Out of memory errors

I’m trying to use Aspose.Words 14.4.0.0 to load a big DOCX document to extract text from it, but I’m running into OOMEs. The document itself has a lot of images, and only a few lines of text When creating the Document object, Aspose.Words tries to load the whole document in memory, and this causes the OOME.


Is there any way of loading the document using streaming? Also, is there any way to avoid loading the images or any other object I’m not interested in when loading the file?

Thank you in advance.

Hi there,

Thanks for your inquiry.

atlassian:
I’m trying to use Aspose.Words 14.4.0.0 to load a big DOCX document to extract text from it, but I’m running into OOMEs. The document itself has a lot of images, and only a few lines of text When creating the Document object, Aspose.Words tries to load the whole document in memory, and this causes the OOME.

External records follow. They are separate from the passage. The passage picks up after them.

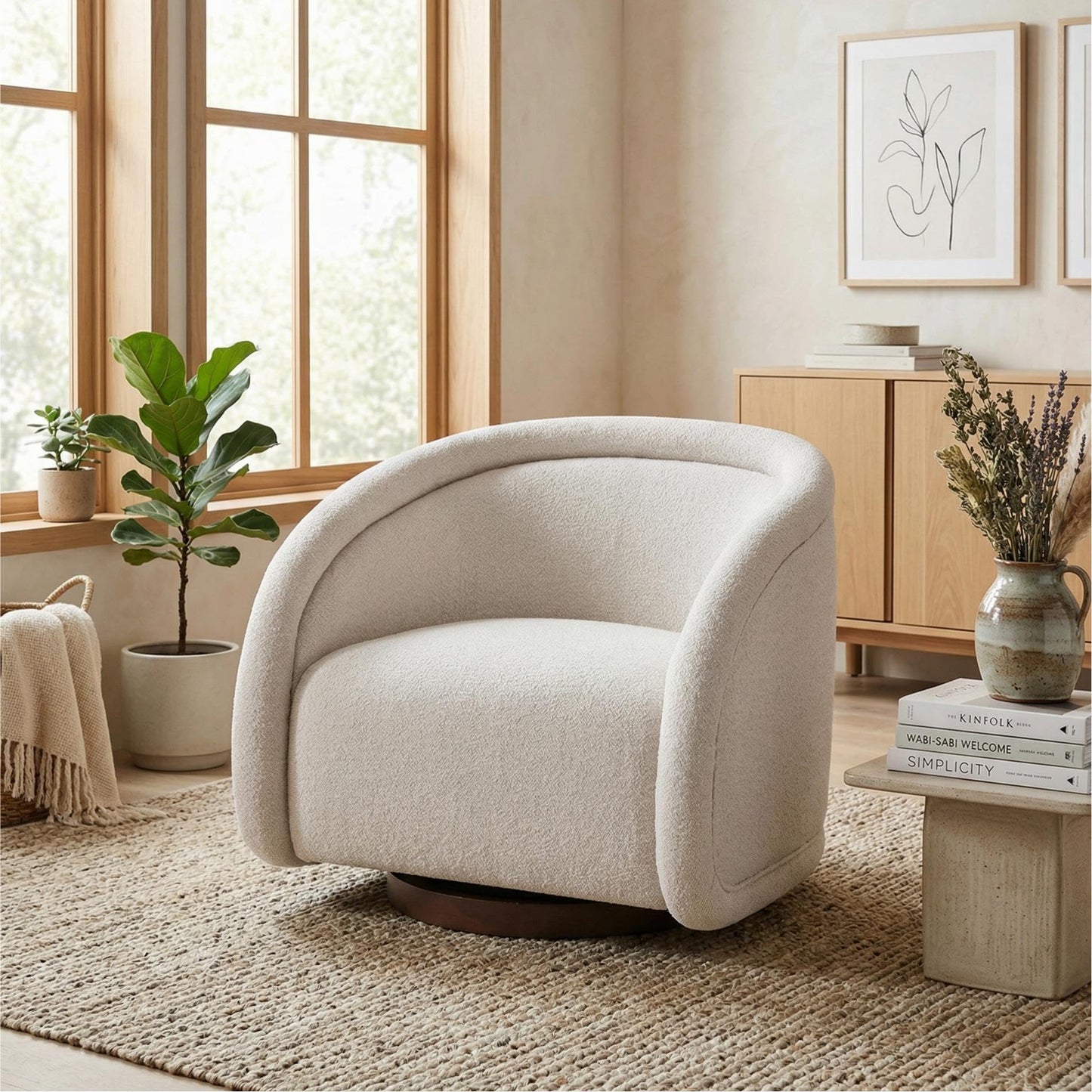 Christopher Knight Home Sabbo Swivel Chair with Solid Wood Base, Comfy Swivel Accent Chair with Curved Design, Boucle Upholstered Lounge Sofa Chair for Living Room/Bedroom, Beige + Walnut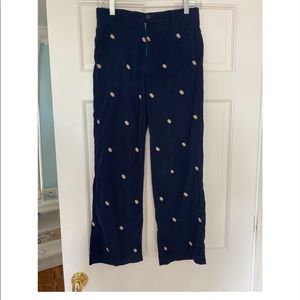 Navy blue patterned cordoroy pants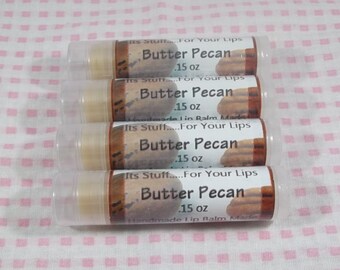 Bálsamo labial, bálsamo labial con sabor a mantequilla y nuez: tubo de 0,15 oz de bálsamo labial, bálsamo labial hecho a mano, bálsamo labial natural, bálsamo labial con sabor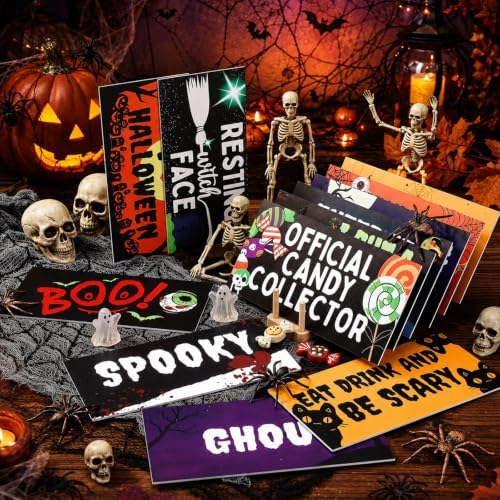 Beeveer 24 Designs Halloween Photo Booth Props Double Sided PVC Selfie Sign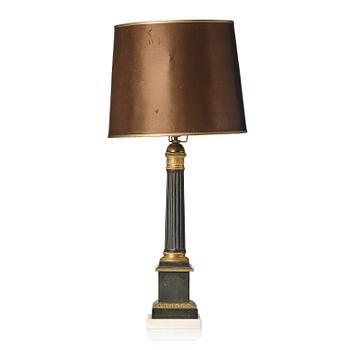 353. A French Empire tole and gilt brass lamp, first part 18th century.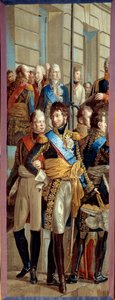 Interview af Napoleon I og Dronning Louise af Preussen i Tilsit (Tilsitt), 6/07/1807 Tapet lavet af gobelinernes værksted efter en detalje af maleriet af Rene Theodore Berthon (1776-1859) søn. 3,28x1,28 m Malmaison musee du chateau af Rene Theodore Berthon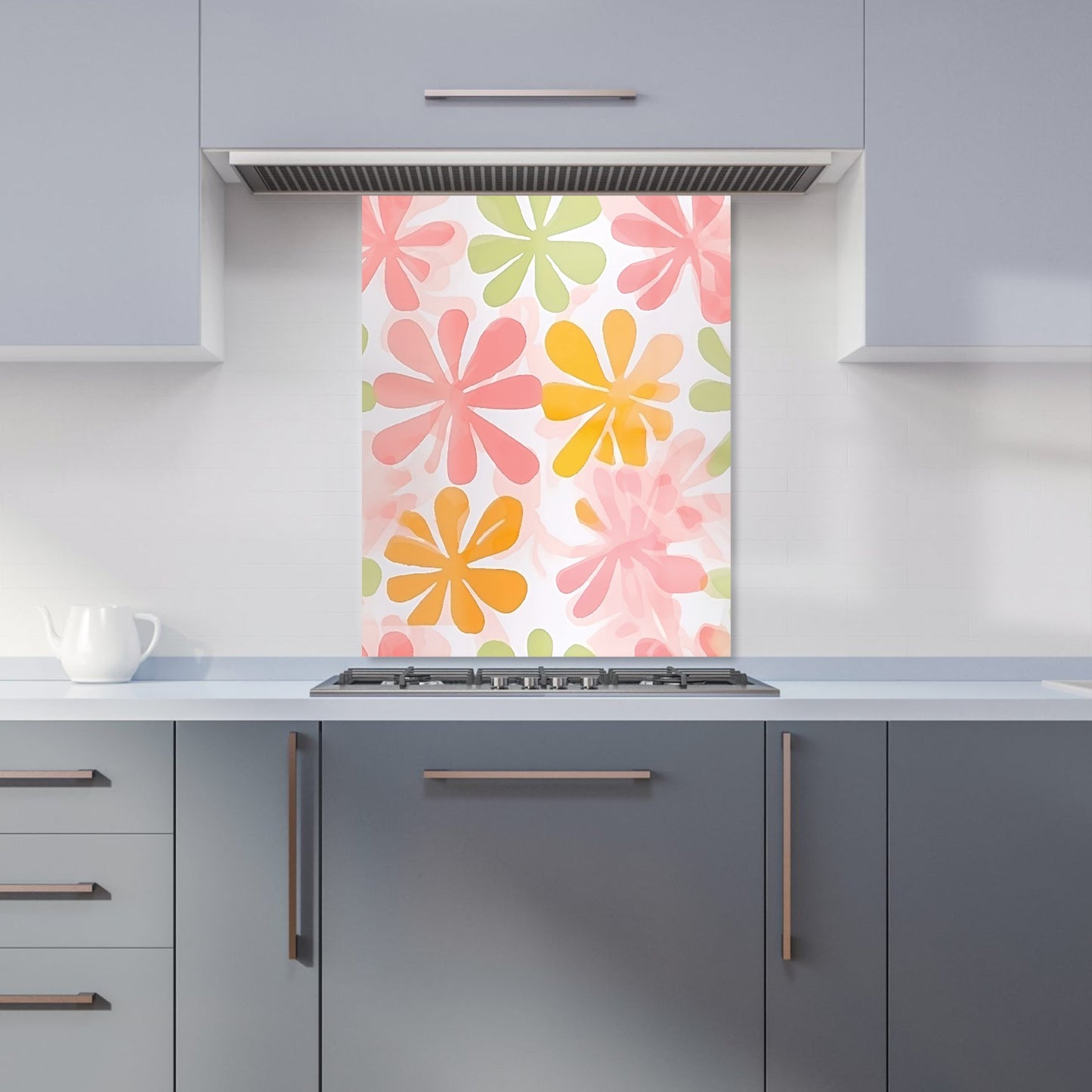 Yellow And Pink Flowers Kitchen Splashback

Could you please attach your input Word document along with code here for testing? I will investigate the issue on my side and provide you more information.
atlassian:

Is there any way of loading the document using streaming?

Yes, you can load the word document from stream. Please read following documentation link for your kind reference.
http://www.aspose.com/docs/display/wordsjava/Opening+from+a+Stream
atlassian:

Also, is there any way to avoid loading the images or any other object I’m not interested in when loading the file?

In case, you are loading html documents, please use the LoadOptions.ResourceLoadingCallback property. The property allows to control how external resources (images, style sheets) are loaded
when a document is imported from HTML, MHTML.